Canada and the world are at a decisive point in the climate emergency. Scientists agree that if we want to have any chance of limiting warming to the Paris Agreement’s 1.5 degree Celsius target, we need to rapidly decarbonize the world economy and remove billions of tonnes of carbon dioxide from the atmosphere globally.
Tangible progress is being made on decarbonization and carbon capture and storage, but it won’t be enough to meet Canada’s net zero target. We’ll also need to remove billions of tonnes of historical emissions from the air every year. This means scaling a nascent industry known as carbon dioxide removal (CDR).
CDR is a set of technologies that accelerates natural systems and creates engineering processes to take carbon dioxide out of the atmosphere and store it away durably, for hundreds to thousands of years.
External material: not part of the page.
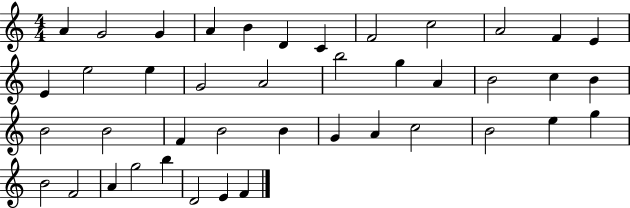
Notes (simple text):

A4/q G4/h G4/q A4/q B4/q D4/q C4/q F4/h C5/h A4/h F4/q E4/q E4/q E5/h E5/q G4/h A4/h B5/h G5/q A4/q B4/h C5/q B4/q B4/h B4/h F4/q B4/h B4/q G4/q A4/q C5/h B4/h E5/q G5/q B4/h F4/h A4/q G5/h B5/q D4/h E4/q F4/q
Today, the world only removes and durably stores a few kilotonnes of carbon annually. CDR needs to grow exponentially—to at least 3.8 GT by 2050—and potentially up to 10 GT (especially if we continue to miss our emission reduction targets). The scale of this challenge is immense.
Companies, as well as countries, have a responsibility to help scale CDR to meet their climate commitments. For over four years, I was the Head of Sustainability at Shopify as the company kickstarted the carbon removal industry. I led the creation and management of Shopify’s Sustainability Fund, which deployed over $50 million into 40 CDR companies.
That experience crystallized that one company making investments—however large—was not enough. That was why Shopify chose to be a founding member of Frontier. Frontier is an advance market commitment where a number of companies have committed to buying more than $1 billion of CDR by 2030.
To date, these corporate efforts were catalytic and intended to bring more CDR supply online. But this approach won’t scale. Not every company can do extensive research and scientific due diligence themselves.
Scaling CDR requires a functioning market, where any company or country can purchase carbon credits and be sure their purchases had measurable climate impact. Earlier iterations of carbon markets couldn’t do this. Millions of carbon credits of varying quality have been issued with significant fraud.
Carbon removal credits are different from earlier “offset” credits (which were issued for “avoided” emissions). The traditional offset industry relies on “avoiding” emissions that would take place if business continued as usual. CDR technologies are inherently different as they pull carbon dioxide out of the air and are clearly additional. Most, if not all, CDR projects would not have taken place without funding through carbon credit sales, which means a direct line between credit purchases and climate benefits that can be measured. These technologies ensure that carbon dioxide stays locked away for thousands of years—far longer than the lifetime of a company, a human, or a tree.
As these technologies graduate from the lab to the real world, it is crucial to create and enforce scientifically rigorous standards that can transparently measure and prove that the project captured and stored more carbon dioxide than was emitted to operate the process.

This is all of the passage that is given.